● Requirement: A faithful copy is required: transcribe each line below exactly, minus the pictures.

● Supplied entries:
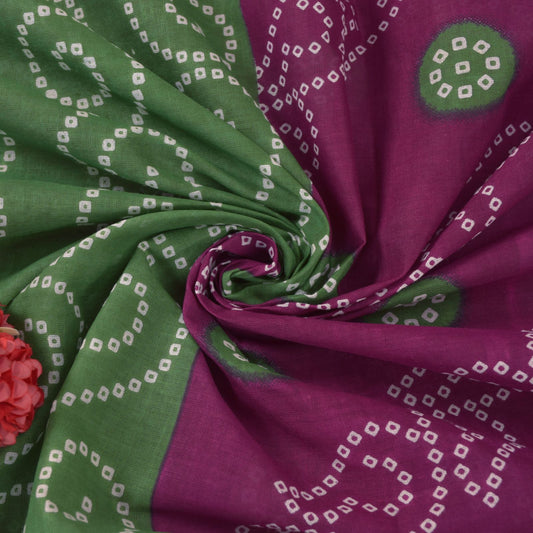 Sanskriti Vintage Purple Soft 100% Pure Cotton Saree Bandhani Printed Sari 5.5YD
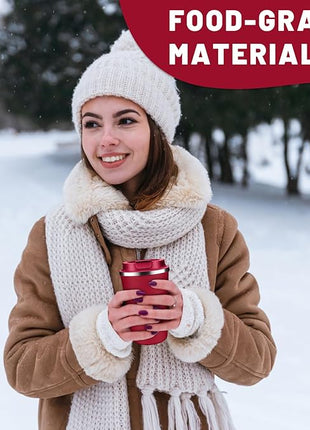 Insulated Coffee Tumblers with Flip Lid 12oz / 17oz, Stainless Steel Travel Coffee Mug Leak Proof, Vacuum Insulated Reusable Cup, Keeps Cold and Hot for Tea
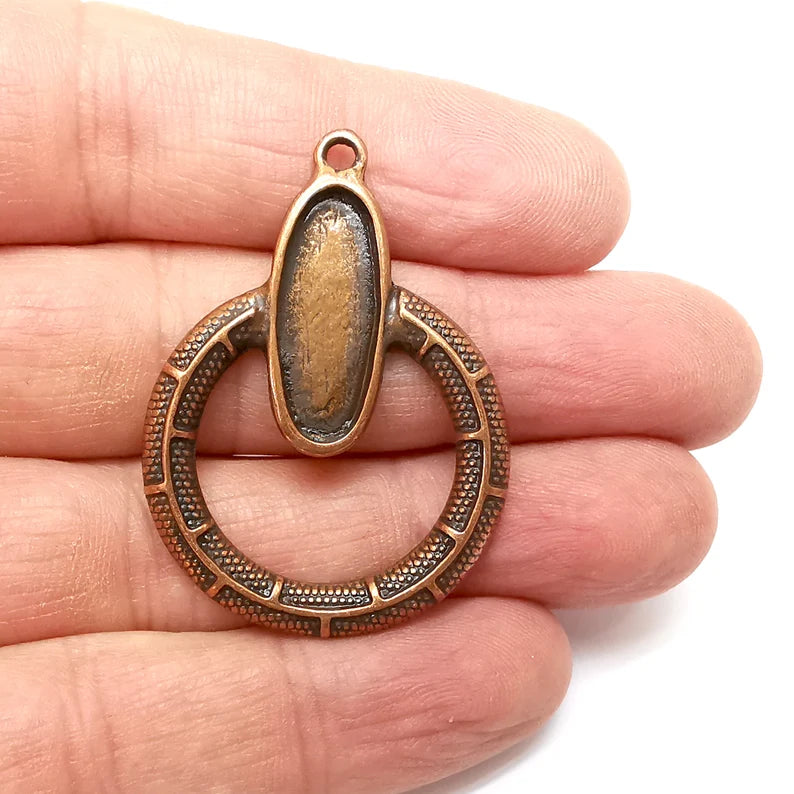 Copper Pendant Blanks, Resin Bezel Bases, Mosaic Mountings, Dry flower Frame, Polymer Clay base, Antique Copper Plated (22x8mm) G35395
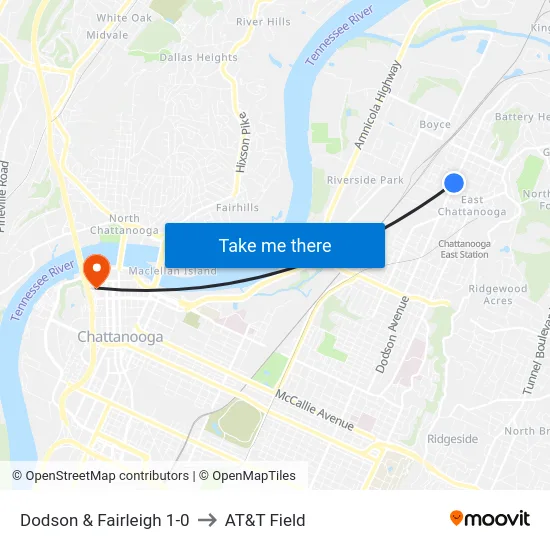 Dodson & Fairleigh 1-0 to AT&T Field map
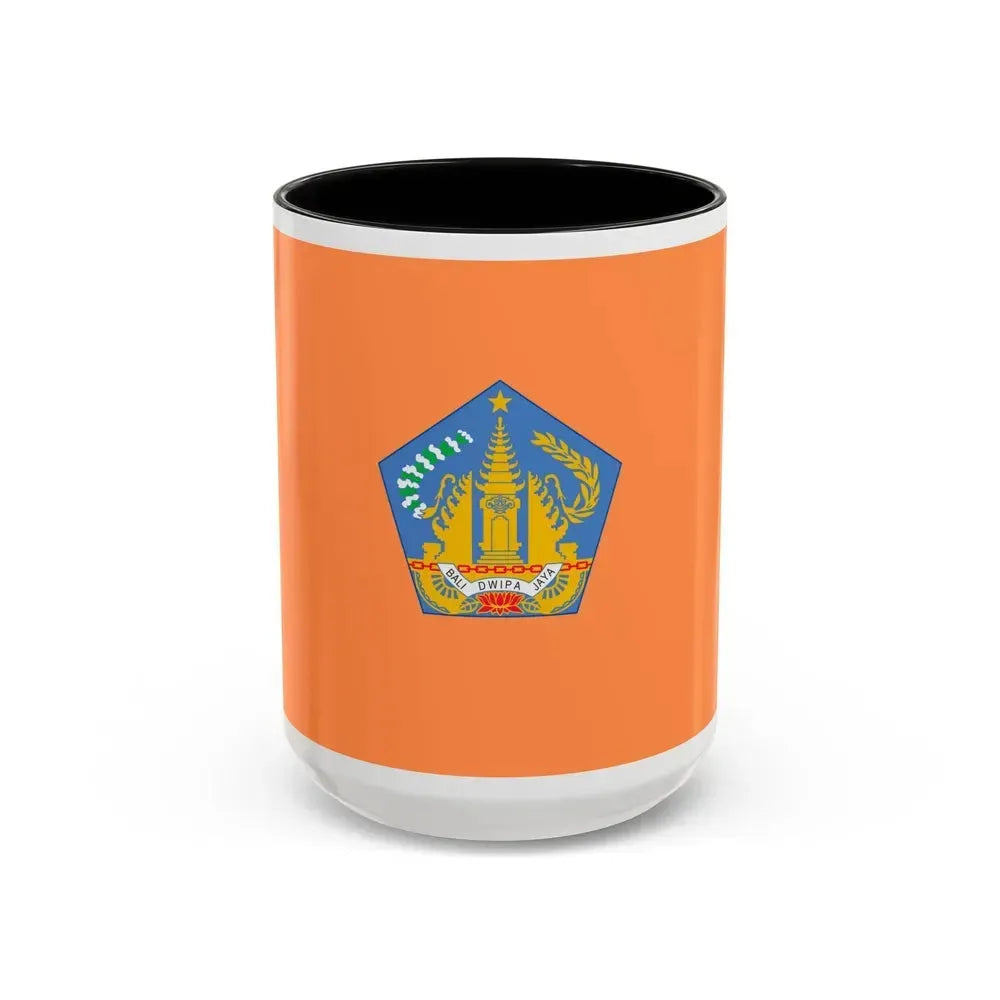 Flag of Bali Indonesia - Accent Coffee Mug 15oz Black - Go Mug Yourself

● Solution to the problem:
 Sanskriti Vintage Purple Soft 100% Pure Cotton Saree Bandhani Printed Sari 5.5YD
 Insulated Coffee Tumblers with Flip Lid 12oz / 17oz, Stainless Steel Travel Coffee Mug Leak Proof, Vacuum Insulated Reusable Cup, Keeps Cold and Hot for Tea
 Copper Pendant Blanks, Resin Bezel Bases, Mosaic Mountings, Dry flower Frame, Polymer Clay base, Antique Copper Plated (22x8mm) G35395
 Dodson & Fairleigh 1-0 to AT&T Field map
 Flag of Bali Indonesia - Accent Coffee Mug 15oz Black - Go Mug Yourself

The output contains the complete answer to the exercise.